ApiDB/EuPathDB Workshop

Expression I Exercises

John Brestelli
Tuesday, June 10th - 1:30 pm

Exercise 1: Introduction to EST expression evidence; examining repeat genes in TrichDB


  1. There are >99,000 annotated genes in TrichDB. Run a query that returns only genes that have EST evidence of expression.
  2. The annotated genes for Trichomonas vaginalis contain over 38,000 repeated genes.
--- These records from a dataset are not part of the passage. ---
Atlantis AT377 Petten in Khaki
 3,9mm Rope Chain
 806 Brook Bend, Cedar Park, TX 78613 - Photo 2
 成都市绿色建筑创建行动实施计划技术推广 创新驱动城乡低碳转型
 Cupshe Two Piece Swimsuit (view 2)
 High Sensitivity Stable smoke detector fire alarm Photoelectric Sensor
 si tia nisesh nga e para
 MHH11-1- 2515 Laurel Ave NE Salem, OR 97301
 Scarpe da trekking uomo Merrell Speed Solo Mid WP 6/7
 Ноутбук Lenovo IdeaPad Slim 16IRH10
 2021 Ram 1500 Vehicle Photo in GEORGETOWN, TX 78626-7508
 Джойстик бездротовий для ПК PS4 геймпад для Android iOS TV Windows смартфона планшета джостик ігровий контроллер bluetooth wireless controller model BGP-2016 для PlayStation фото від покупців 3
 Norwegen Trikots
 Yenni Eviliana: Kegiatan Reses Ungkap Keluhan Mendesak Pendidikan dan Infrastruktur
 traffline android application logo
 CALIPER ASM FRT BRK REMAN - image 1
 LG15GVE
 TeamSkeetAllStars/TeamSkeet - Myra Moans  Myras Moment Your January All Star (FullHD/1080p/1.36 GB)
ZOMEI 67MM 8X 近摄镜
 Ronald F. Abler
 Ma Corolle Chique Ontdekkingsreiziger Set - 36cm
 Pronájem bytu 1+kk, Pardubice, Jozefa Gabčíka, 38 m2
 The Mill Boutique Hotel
Use the "Gene Attributes" query to get all repeated genes. How many repeat genes have EST evidence of expression?

Exercise 2 : Interrogation of a GiardiaDB scaffold for DNA Binding Activity in a particular phase of the parasite's life cycle using SAGE-Tag expression evidence.


  1. Find all non-demoted genes for scaffold "CH991769".
  2. Find genes that show evidence of expression by SAGE in any of the Encystation libraries. Allow the tag to align 20 bp from either end and align to only one place in the genome. Find only genes with a tag count >= 5.
  3. Roughly, what percentage of genes on this scaffold show evidence of expression by SAGE?
  4. Add a column for "Predicted GO Function" to this combined list. Which genes are shown to have the exact function of "nucleic acid binding"?
  5. In which Library(s) are these genes maximally expressed?
  6. Are there additional genes which show any nucleic acid binding activity and evidence for expression by SAGE in an encystations library? (hint: The GO Term ID for "nucleic acid binding" is GO:0003676).

Exercise 3 : Examination of differential expression of SAGE-Tags falling outside of annotated gene models during the transition between Trophozoite and Early Encystation in GiardiaDB.


  1. Find SAGE-Tag Alignments that show evidence of differential expression (R > 10) in the transition between Trophozoite and early Encystation (Troph1, 4hr and 12hr encystations).
  2. How many results don't have a gene associated? Inspect each. Which of these disagrees dramatically with both annotated and deprecated gene boundaries?
  3. View the region surrounding the SAGE-Tag with the highest R score (from previous query) in GBrowse. Add the track for "EST Alignments" and "EST Assemblies". How many EST's are contained in the assembly for this gene?
  4. Perform the corresponding query at the gene level. What are possible reasons for the differences in the list of genes?

Exercise 4 : use of the differential expression query in ToxoDB


  1. How many total genes are differentially expressed in RH in High Glucose v. RH with No Glucose?
  2. How many genes are RH-specific? ie. Differentially expressed in RH v. Pru and RH v. VEG, but not VEG v. Pru.
  3. How many up regulated genes in High Glucose v. No Glucose are RH Specific? Down Regulated? How do these compare?

Exercise 5: use of microarrays to show strain differences influencing expression in PlasmoDB.


  1. "reticulocyte binding protein 2, homolog b" (pfRh2b) is included in a family of proteins that localize to the apical complex. However, the pfRh2b knock-out shows no measurable difference in invasion compared to wild type. Find this gene using the keyword search, and examine the expression graphs.
  2. The WT v. KO graph shows a large difference for this gene in D10 WT v. 3D7 WT 48HR. Using the KO vs. WT query, find genes which are down regulated in the D10 WT v. 3D7 WT at 48 hours.
  3. This gene is naturally missing from strain D10. Find all genes which are down regulated in 3D7 PfRb2b KO v. 3D7 WT at 48 hours. How does this list compare to above?